The injunction could relate the many types of private information. For example, to sexual preferences, to private images, to religious beliefs, to matters which are not unlawful but which you might be embarrassed to be publicly disclosed, or which you want to keep private for your own reasons. The fact that some parts of society might find your conduct distasteful is irrelevant and often your desire to keep the matter private will take priority over the right of the public to become aware of a side of your personality they might dislike.
There is a misconception that privacy injunctions are something that only celebrities and wealthy individuals can obtain. It is true that because of the obvious intrusion into celebrities' private lives, it is more likely that someone will try to cross the line and publish something they should not. It is also true that this type of injunction could be costly and therefore wealthy individuals can afford obtaining them whilst the rest of the public is likely to find the costs of obtaining one prohibitive.

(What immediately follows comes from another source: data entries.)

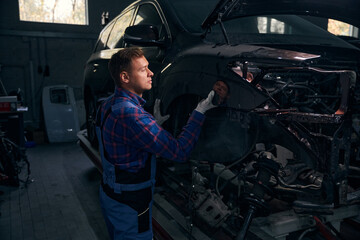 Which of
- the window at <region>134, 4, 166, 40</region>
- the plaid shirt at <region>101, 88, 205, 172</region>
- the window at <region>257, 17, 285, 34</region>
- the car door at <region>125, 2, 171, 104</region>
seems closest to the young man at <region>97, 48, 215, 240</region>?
the plaid shirt at <region>101, 88, 205, 172</region>

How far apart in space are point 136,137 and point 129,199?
0.32 m

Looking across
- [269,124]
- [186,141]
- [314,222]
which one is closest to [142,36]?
[186,141]

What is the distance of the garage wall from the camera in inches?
296

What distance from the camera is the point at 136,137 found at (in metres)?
1.52

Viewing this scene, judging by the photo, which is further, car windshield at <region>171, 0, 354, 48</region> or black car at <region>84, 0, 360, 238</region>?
car windshield at <region>171, 0, 354, 48</region>

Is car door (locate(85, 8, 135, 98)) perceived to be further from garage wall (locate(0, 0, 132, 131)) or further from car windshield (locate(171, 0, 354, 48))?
garage wall (locate(0, 0, 132, 131))

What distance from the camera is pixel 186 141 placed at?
1640 millimetres

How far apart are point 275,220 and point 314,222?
0.98 ft

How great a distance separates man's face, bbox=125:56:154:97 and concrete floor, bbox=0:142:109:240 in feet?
5.44

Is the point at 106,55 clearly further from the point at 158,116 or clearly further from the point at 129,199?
the point at 129,199

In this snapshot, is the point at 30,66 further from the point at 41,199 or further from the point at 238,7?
the point at 238,7

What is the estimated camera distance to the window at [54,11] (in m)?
7.78

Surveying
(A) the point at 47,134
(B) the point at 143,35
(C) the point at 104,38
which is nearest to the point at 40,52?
(A) the point at 47,134

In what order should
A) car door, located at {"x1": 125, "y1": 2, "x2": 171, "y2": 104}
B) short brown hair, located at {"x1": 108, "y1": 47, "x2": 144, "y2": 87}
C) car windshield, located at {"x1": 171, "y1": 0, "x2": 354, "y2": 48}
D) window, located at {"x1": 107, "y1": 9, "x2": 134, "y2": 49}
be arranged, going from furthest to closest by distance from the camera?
Answer: window, located at {"x1": 107, "y1": 9, "x2": 134, "y2": 49} < car door, located at {"x1": 125, "y1": 2, "x2": 171, "y2": 104} < car windshield, located at {"x1": 171, "y1": 0, "x2": 354, "y2": 48} < short brown hair, located at {"x1": 108, "y1": 47, "x2": 144, "y2": 87} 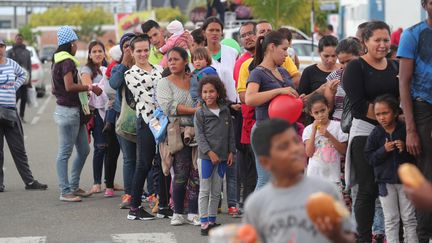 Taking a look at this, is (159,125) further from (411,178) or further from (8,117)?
(411,178)

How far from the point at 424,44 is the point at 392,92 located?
604 millimetres

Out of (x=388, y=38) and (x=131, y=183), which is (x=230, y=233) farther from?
(x=131, y=183)

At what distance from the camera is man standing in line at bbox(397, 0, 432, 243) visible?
7.92 meters

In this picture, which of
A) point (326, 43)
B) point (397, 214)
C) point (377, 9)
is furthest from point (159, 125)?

However, this might sound to you rather surprising, but the reality is that we can all find ourselves in a situation where we might need to apply to the court for a privacy injunction. It could be because of a partner who is threatening to publish intimate information, or a stranger who is blackmailing you following something you did from the privacy of your home. An example might be a personal relationship that you developed with someone over the internet who turned out to be fraudster and who is now blackmailing you.
The legal costs that are associated with obtaining privacy injunctions could be high but often the cost would be in direct correlation with the law firm that you have instructed. It is not unheard of for some law firms to charge more than 10x (for applying for a privacy injunction) than an equally able law firm who is smaller and less glitzy. Often the differences could be huge and completely unnecessary,.

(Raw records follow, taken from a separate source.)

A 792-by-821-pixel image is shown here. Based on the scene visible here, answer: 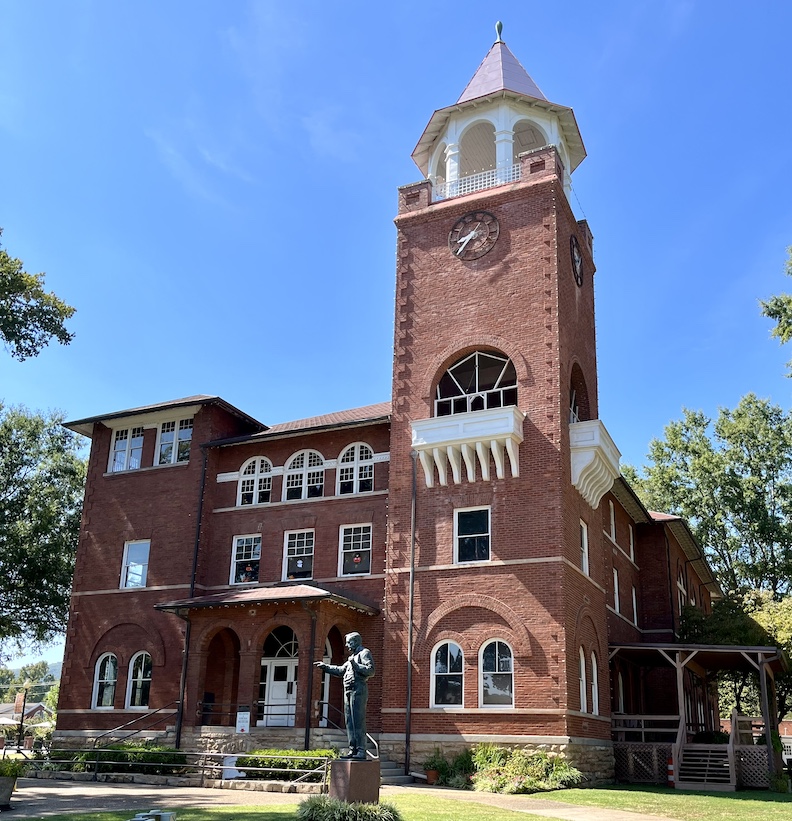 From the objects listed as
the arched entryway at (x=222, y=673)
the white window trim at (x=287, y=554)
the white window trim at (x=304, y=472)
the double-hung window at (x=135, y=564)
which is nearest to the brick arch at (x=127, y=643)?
the double-hung window at (x=135, y=564)

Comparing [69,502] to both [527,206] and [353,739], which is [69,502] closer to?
[527,206]

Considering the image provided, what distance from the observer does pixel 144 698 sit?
30.3 metres

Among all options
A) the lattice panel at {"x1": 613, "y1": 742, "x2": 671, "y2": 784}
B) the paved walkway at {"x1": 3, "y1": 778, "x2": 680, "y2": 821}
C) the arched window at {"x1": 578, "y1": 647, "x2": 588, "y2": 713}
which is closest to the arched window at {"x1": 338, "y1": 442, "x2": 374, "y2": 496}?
the arched window at {"x1": 578, "y1": 647, "x2": 588, "y2": 713}

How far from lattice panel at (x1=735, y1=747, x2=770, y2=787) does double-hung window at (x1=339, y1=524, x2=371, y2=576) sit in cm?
1255

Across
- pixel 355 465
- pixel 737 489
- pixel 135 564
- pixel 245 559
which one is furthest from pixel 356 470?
pixel 737 489

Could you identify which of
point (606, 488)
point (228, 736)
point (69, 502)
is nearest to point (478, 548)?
point (606, 488)

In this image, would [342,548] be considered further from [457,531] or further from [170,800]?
[170,800]

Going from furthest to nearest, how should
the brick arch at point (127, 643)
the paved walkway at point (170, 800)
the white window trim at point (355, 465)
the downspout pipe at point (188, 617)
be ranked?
the brick arch at point (127, 643) < the white window trim at point (355, 465) < the downspout pipe at point (188, 617) < the paved walkway at point (170, 800)

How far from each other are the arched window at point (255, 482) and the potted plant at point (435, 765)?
11.4 m

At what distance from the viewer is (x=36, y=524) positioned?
1575 inches

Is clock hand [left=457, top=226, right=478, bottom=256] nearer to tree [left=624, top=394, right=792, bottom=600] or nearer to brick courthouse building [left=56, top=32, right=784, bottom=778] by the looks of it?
brick courthouse building [left=56, top=32, right=784, bottom=778]

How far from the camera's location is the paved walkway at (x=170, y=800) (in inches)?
628

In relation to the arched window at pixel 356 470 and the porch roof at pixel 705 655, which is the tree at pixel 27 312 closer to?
the arched window at pixel 356 470

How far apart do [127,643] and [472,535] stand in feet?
44.5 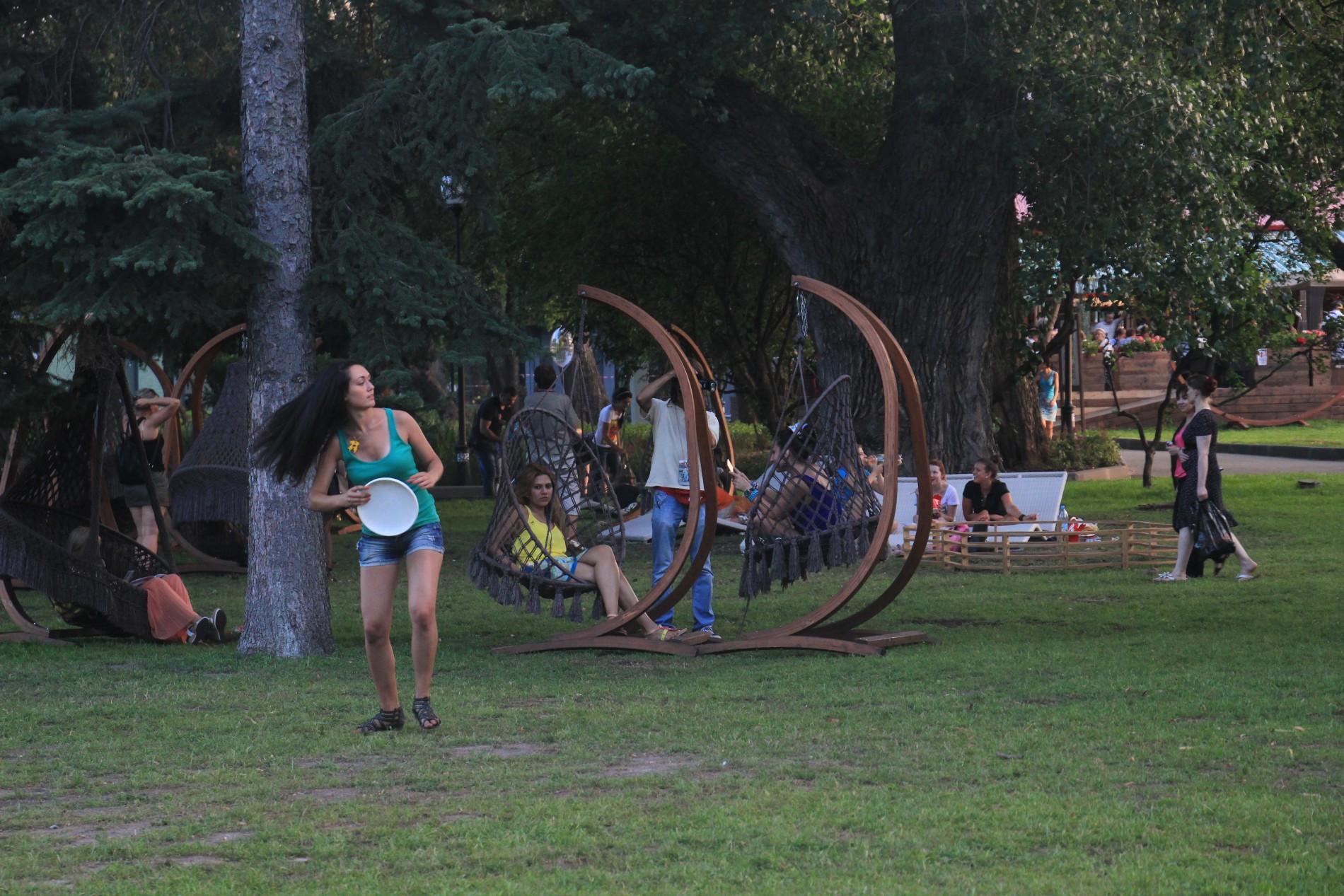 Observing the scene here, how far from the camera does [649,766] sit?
20.3 ft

Still, whichever way you look at it, an application for a privacy injunction would still cost anything between £10,000-£100,000, depending where you go and often it will be the same solicitors, barristers and judges who attend 90% of the privacy applications in London.

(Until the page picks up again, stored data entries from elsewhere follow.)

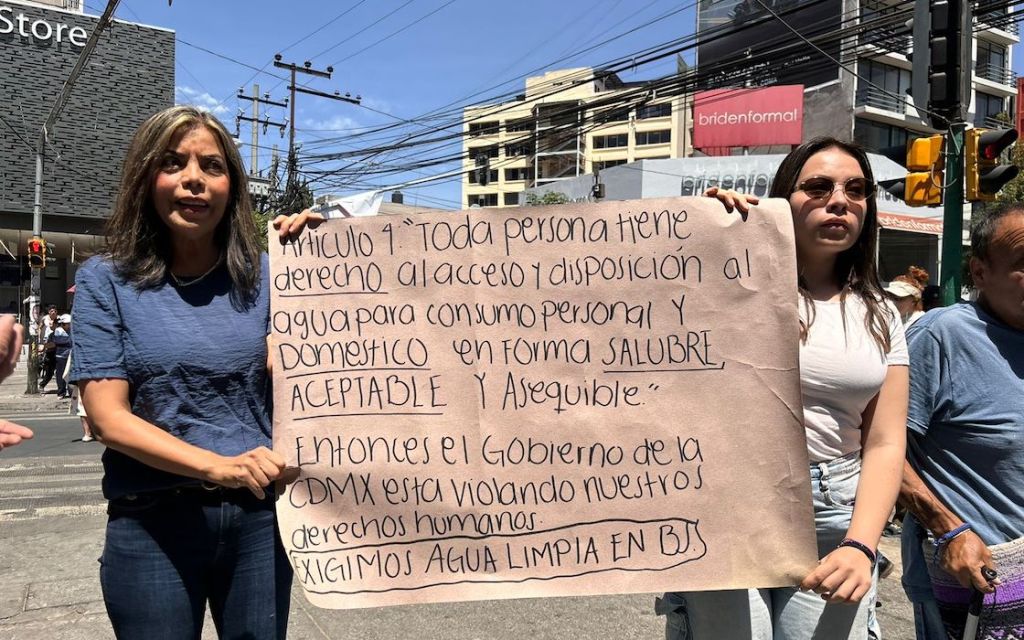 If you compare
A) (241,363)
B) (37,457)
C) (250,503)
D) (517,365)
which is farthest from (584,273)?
(37,457)

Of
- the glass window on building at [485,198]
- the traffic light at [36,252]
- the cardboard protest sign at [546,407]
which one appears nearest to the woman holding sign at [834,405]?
the cardboard protest sign at [546,407]

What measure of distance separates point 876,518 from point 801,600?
30 cm

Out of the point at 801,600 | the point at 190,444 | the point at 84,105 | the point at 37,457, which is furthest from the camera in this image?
the point at 84,105

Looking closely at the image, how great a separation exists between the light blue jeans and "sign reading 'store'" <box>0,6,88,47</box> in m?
26.5

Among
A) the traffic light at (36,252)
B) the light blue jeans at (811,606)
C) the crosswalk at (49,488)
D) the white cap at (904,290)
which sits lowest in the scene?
the crosswalk at (49,488)

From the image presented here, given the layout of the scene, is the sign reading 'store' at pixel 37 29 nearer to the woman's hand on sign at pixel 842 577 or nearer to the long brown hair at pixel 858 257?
the long brown hair at pixel 858 257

In the case of Lindsey Goldrick Dean v Paul Curran, solicitor Yair Cohen, applied for a privacy injunction after Ms Goldrick Dean was harassed by Paul Curran who published websites which carried her name and which included URLs with her name and other information she preferred to keep private.
In the case of GYH v PERSONS UNKNOWN, Mr Cohen successfully applied for a privacy injunction on behalf of a sex worker whose livelihood was at risk because of (false) publications that she was HIV/Aids positive and publication of he being transgender, which she considered to be a private matter.
In the case of DDF v YYZ, the court allowed Yair Cohen's application for an injunction on behalf of a celebrity who had been threatened with a publication claiming that he was gay.
In the case of BVG v LAR, the court granted a privacy injunction, this time for an application on behalf of a businessman who had been blackmailed with the publication of intimate images and videos of him concerning his sexual activity.
It is unlikely that the police will be able to help you obtain a privacy injunction. In fact, if you contact the police there is a good chance that your name will be revealed to the world, at one point or another, because criminal cases are open to the public and the press is free to report from criminal proceedings.
Furthermore, it is likely that by the time your case is investigated and the perpetrator is taken to court, there would be dozens of people working for the police, the prosecution and for the defence who will become privy to your name and to the private information you were trying to protect. Contrast this with an application for an injunction by an intimate, niche law firm where the only people who know who you are are your lawyers who promptly apply to anonymise your name from all legal documents.
The biggest challenge in applying for a privacy injunction is the requirement to secure sufficient evidence which would convince the court that the victim's right to privacy has been breached or is about to be be breached.
The second biggest challenge is the identification of the defendant, if they are anonymous although, often, it is possible to take out a privacy injunction against 'person unknown'.
The third biggest challenge in applying for a privacy injunction is a claim by the defendant that there is public interest in the publications of information which you seek to keep private. A responsible solicitor will make sure that you can overcome those challenges before you make your privacy injunction application.